Why not? A minimum condition is, however, that representative democracy and these variants of direct democracy are carefully kept apart from each other. Each of them has its own political logic and if the two are thoughtlessly mixed up the inevitable result will be a constitutional mess. Such was the case with the Brexit when the principles of parliamentary sovereignty, as accepted in England, and popular sovereignty (the referendum on the EU) came into direct conflict with each other – thus requiring the High Court of Justice to restore the balance in favour of the former. From a constitutional point of view it must have been quite a relief that Parliament came, in the end, to the same conclusion as the British people. In this way a severe constitutional crisis has fortunately been averted. (Although anyone with an academic interest for constitutionalism and its problems would have been eager to see what would have happened if the majority of Parliament had been against the Brexit.)

What would have happened if the majority of Parliament had been against the Brexit?

© Flickr / Garon S

What would have happened if the majority of Parliament had been against the Brexit?

It will be clear from the foregoing what considerations must be taken into account in order to avoid such an outright clash between representative and direct democracy. In the first place, when opting for variants of direct democracy, one has to ascertain that no inconsistencies can arise when moving from the will of the people to its implementation. This is less easy to achieve than may seem at first sight. For often many such inconsistencies will become visible only if the adoption of a certain policy has been thought through till its very last consequences. If mistakes are made here one will be unpleasantly surprised by an asymmetry in the logic of representative and direct democracy.

Responsibility

Responsibility is the clue here. In case something goes awry in a representative democracy, not the people but the people’s representatives are responsible. In contrast, in a direct democracy the people itself is responsible for the consequences of its decisions. But where everyone is responsible, no one is. Hence, political responsibility will tend to evaporate in direct democracy. As long as the outcome of the decisions made in a direct democracy is satisfactory no problems are to be expected here. But when the outcome is disappointing, one cannot be sure that the people will blame itself for this – as it should.

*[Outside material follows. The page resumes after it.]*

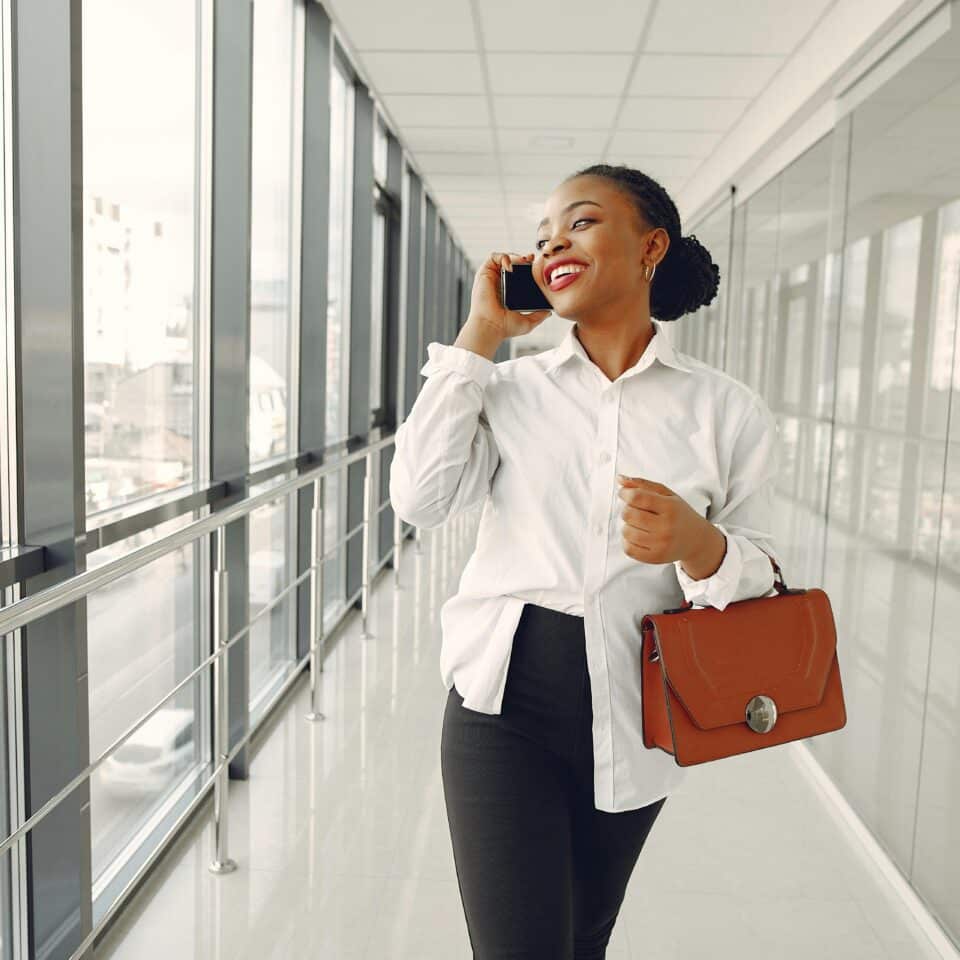 Black woman walking in hallway talking on cellphone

Recall that we assumed that variants of direct democracy will always be introduced within the framework of representative democracy. And, next, that human beings have an innate inclination to blame others for their own mistakes. It then follows that the guilt for the failures of direct democracy will preferably be put on the doorstep of representative democracy. This is, then, why it is of the greatest importance that one delegates to direct democracy only those decisions whose implementation is not likely to occasion consequences that will be both acceptable and not acceptable to the people taking these decisions. For in that case a conflict between direct and representative democracy is to be expected.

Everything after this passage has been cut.